◆ EXTRACTED RECORDS
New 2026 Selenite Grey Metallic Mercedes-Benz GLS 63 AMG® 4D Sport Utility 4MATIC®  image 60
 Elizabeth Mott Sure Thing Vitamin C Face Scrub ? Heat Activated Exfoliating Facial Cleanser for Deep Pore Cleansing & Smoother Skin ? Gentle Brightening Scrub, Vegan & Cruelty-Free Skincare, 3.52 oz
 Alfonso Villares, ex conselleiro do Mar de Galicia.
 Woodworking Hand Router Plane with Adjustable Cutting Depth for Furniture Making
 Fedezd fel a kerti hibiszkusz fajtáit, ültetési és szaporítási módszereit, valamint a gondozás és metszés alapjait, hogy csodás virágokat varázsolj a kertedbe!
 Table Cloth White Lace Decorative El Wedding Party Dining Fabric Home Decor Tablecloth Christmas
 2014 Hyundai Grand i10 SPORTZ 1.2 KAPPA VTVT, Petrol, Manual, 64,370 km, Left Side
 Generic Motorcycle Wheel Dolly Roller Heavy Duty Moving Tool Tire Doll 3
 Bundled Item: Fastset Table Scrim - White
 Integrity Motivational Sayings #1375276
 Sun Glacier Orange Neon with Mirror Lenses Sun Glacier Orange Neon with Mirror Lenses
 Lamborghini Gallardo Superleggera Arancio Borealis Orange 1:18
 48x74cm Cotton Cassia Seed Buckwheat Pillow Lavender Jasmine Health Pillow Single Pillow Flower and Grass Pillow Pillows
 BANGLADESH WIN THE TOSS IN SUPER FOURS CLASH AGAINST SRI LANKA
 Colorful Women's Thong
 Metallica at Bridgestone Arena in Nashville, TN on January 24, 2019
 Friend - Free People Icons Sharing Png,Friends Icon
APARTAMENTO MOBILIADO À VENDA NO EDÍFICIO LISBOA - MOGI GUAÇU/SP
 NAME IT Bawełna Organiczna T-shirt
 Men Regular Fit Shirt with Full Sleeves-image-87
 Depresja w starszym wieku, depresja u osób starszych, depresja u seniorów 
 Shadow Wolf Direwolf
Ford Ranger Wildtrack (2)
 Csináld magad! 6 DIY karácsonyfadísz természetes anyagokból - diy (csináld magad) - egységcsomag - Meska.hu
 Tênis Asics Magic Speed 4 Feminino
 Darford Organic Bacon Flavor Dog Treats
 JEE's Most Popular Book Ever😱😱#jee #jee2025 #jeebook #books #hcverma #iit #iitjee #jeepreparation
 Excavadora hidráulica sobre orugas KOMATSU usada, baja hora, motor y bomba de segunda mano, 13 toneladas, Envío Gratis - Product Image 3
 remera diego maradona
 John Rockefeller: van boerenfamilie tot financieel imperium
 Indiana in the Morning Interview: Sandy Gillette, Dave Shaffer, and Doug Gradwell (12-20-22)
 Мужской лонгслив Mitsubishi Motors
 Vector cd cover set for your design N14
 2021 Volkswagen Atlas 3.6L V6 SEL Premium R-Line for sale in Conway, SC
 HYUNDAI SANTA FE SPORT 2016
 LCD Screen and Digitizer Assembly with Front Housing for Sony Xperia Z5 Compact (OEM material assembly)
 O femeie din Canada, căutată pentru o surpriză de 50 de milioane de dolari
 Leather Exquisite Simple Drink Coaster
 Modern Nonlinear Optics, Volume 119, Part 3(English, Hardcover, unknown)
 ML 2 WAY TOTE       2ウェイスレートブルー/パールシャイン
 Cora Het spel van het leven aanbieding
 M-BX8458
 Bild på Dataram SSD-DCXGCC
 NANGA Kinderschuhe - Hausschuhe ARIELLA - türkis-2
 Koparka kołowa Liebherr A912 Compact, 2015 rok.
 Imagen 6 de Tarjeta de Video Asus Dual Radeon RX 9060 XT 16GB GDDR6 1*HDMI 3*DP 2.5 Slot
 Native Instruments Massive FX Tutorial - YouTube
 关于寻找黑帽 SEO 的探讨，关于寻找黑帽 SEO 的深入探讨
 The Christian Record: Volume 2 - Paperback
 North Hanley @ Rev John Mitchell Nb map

◆ WHAT TO DO
The line with "NANGA Kinderschuhe - Hausschuhe" and every line after it up to the end of the entries: output those exactly, and only those.

◆ THE COMPLETED TASK
 NANGA Kinderschuhe - Hausschuhe ARIELLA - türkis-2
 Koparka kołowa Liebherr A912 Compact, 2015 rok.
 Imagen 6 de Tarjeta de Video Asus Dual Radeon RX 9060 XT 16GB GDDR6 1*HDMI 3*DP 2.5 Slot
 Native Instruments Massive FX Tutorial - YouTube
 关于寻找黑帽 SEO 的探讨，关于寻找黑帽 SEO 的深入探讨
 The Christian Record: Volume 2 - Paperback
 North Hanley @ Rev John Mitchell Nb map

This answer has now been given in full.